**INSTRUCTIONS FOR THE TASK**
In the records below, find the line with "Lancer BULBS - CHASSIS 2", then retype it and every following line exactly, stopping after the line with "Britax B-LIVELY Double Guia Del Usuario". Leave the pictures out.

INPUT RECORDS section start

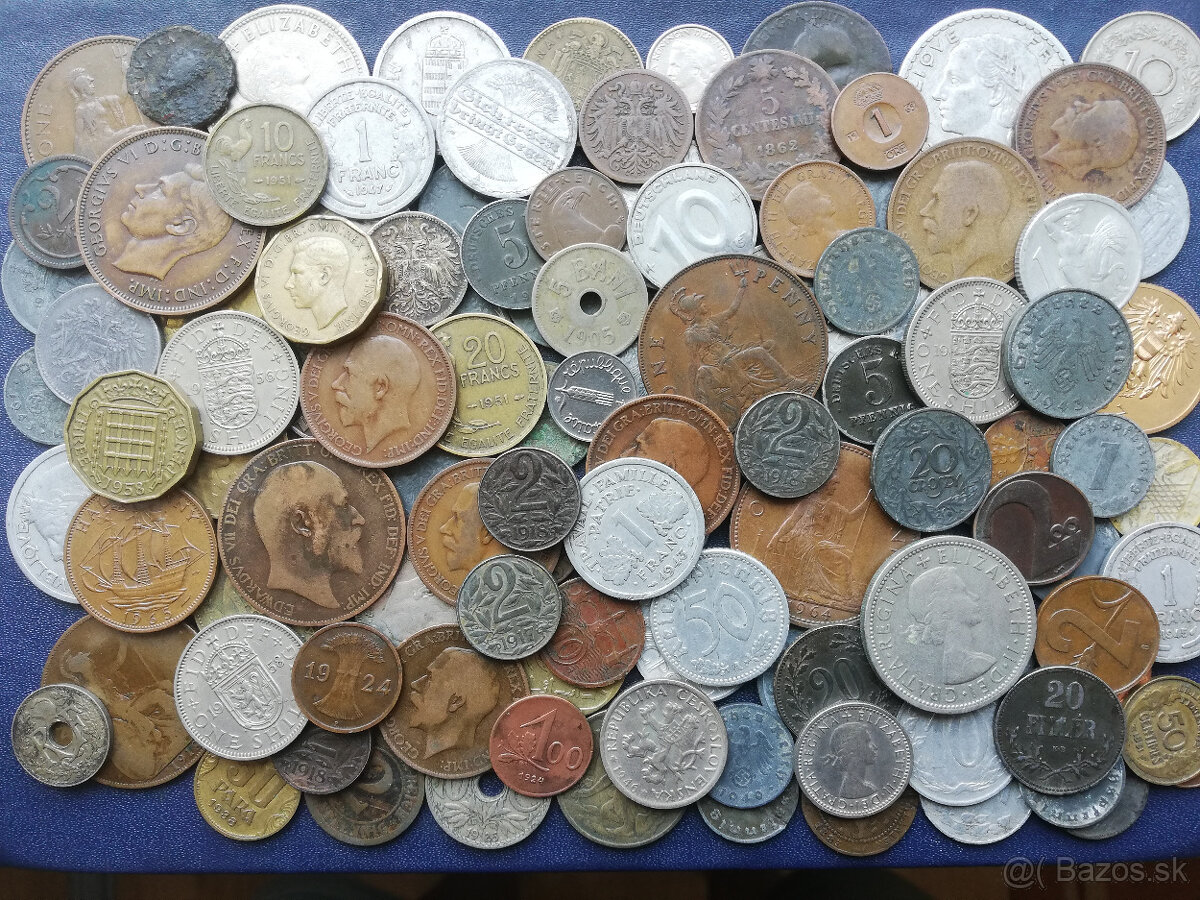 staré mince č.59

INPUT RECORDS section end
INPUT RECORDS section start

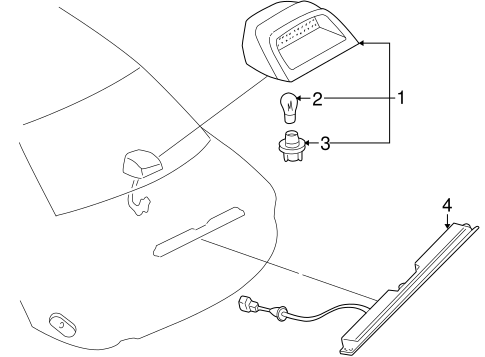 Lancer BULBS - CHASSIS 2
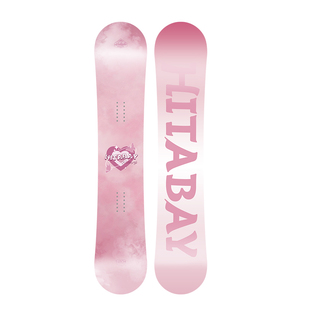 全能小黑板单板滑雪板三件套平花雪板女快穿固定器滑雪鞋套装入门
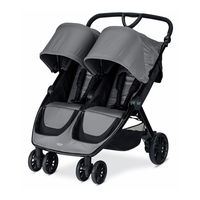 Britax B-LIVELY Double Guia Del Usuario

INPUT RECORDS section end

**EXERCISE OUTPUT**
 Lancer BULBS - CHASSIS 2
 全能小黑板单板滑雪板三件套平花雪板女快穿固定器滑雪鞋套装入门
 Britax B-LIVELY Double Guia Del Usuario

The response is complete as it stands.